* _RECORD SET_
++++

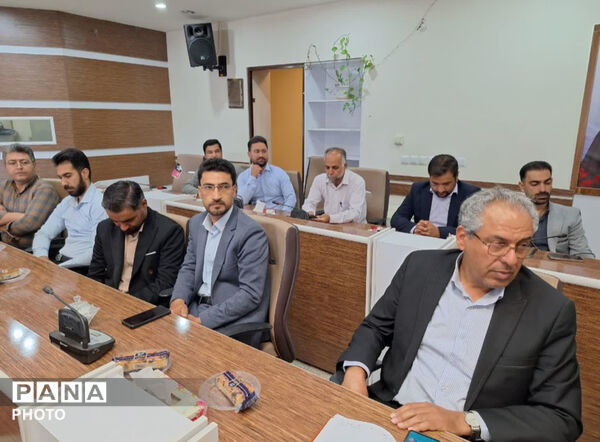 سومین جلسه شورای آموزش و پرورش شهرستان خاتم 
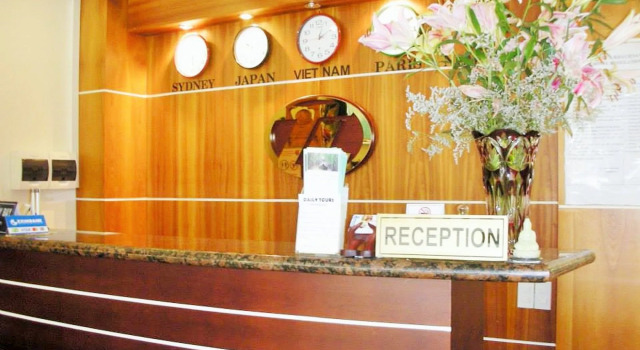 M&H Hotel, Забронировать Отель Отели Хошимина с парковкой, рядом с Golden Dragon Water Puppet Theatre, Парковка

++++

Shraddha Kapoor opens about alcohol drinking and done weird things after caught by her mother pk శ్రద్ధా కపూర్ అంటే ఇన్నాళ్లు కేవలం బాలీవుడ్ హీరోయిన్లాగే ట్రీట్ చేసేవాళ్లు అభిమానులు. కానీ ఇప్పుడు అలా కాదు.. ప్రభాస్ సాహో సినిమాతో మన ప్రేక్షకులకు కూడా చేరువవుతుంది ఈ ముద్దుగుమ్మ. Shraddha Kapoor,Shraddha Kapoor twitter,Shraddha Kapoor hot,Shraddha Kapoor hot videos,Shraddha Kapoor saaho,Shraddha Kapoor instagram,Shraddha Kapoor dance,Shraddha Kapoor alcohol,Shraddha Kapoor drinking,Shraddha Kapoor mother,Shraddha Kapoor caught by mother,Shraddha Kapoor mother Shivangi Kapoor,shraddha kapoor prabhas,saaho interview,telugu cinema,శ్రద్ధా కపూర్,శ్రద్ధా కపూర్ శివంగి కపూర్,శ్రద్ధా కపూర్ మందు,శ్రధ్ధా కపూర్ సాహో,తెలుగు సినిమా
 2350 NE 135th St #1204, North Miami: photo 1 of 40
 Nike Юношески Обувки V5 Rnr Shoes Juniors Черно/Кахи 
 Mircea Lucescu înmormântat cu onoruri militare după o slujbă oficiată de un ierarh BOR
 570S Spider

++++

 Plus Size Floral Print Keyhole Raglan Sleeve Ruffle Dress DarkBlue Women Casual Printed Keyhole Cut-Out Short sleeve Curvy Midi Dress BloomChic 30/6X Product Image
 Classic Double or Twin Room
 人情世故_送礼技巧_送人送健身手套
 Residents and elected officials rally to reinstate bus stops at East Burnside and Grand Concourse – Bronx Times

++++

In the listing above, locate the line with "Plus Size Floral" and the line with "Residents and elected", then extract exactly those lines and every line between them, and nothing more.

* _WRITTEN RESPONSE_
 Plus Size Floral Print Keyhole Raglan Sleeve Ruffle Dress DarkBlue Women Casual Printed Keyhole Cut-Out Short sleeve Curvy Midi Dress BloomChic 30/6X Product Image
 Classic Double or Twin Room
 人情世故_送礼技巧_送人送健身手套
 Residents and elected officials rally to reinstate bus stops at East Burnside and Grand Concourse – Bronx Times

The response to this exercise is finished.